Jerrys LED Lights are what I use and they're great lights. I think you can find his info on craigs list. He's out of victoria. I built some from smacks post with the lights from oznium and they're ok, but Jerrys will blow them away. Bright enough to use below water or if it's calm you can use them above water as well.


----------



## Fishtrap2

*Flounder lights*

I built several for myself and provided some 2 Coolers with a set of plans a few years ago...here they are again if interested.


----------



## Fishtrap2

*Flounder Light*

They work pretty well and will go for hours on a 12V feeder battery... might even be some stronger LED bulbs out there now.


----------



## bowmansdad

Thanks, Fishtrap! I think I could even build one! Green to you!


----------



## SaltwaterJunkie

fishtrap said:


> I built several for myself and provided some 2 Coolers with a set of plans a few years ago...here they are again if interested.


X2


----------



## Big Guns 1971

what is a 2'' female DWV?


----------



## CoastalOutfitters

i have a couple of propane ones that came from FLa. that screw on a bottle and have 2 exposed mantles inside a ss bowl.

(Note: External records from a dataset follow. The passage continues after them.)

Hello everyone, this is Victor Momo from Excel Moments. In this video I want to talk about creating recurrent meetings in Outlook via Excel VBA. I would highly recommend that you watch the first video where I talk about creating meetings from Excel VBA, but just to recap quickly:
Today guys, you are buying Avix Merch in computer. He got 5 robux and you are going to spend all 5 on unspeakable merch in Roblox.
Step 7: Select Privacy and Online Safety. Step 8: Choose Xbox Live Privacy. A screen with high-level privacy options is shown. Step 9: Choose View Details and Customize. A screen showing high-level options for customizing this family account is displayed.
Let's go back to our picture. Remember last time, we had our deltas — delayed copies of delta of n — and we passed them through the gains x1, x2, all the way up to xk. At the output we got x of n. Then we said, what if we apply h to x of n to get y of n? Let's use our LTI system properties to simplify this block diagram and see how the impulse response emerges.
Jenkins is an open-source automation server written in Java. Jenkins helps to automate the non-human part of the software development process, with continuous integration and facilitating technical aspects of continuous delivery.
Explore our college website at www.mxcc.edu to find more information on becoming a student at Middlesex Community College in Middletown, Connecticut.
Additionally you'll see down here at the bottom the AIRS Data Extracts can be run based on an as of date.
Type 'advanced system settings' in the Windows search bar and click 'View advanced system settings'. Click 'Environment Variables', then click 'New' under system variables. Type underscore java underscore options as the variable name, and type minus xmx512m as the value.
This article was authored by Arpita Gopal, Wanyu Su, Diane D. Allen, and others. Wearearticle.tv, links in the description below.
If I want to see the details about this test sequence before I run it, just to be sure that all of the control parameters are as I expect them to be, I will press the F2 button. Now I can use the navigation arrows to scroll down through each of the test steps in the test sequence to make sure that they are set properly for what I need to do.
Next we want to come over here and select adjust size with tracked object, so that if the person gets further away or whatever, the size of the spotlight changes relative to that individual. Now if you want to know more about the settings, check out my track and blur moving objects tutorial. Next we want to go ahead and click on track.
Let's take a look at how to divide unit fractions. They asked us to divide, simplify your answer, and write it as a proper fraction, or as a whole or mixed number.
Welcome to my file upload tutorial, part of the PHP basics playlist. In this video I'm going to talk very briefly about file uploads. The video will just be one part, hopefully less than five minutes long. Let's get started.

very bright and light, good thing about them is you can look around ahead of you and see what's coming up

2 of em on ebay right now


----------



## TopwaterMD

I was old school with the Coleman lantern and shield for years until I found a lightweight PVC rig from Stiffy products. LED technology is very lightweight and runs for up to six hours on 4 AA batteries. And they float which helps if one slips off the boat. Hard to beat this rig!


----------



## tmyfml

my kids use the led head lamps that you can buy at Academy. they are relatively cheap, work on AA batteries and give off good light.


----------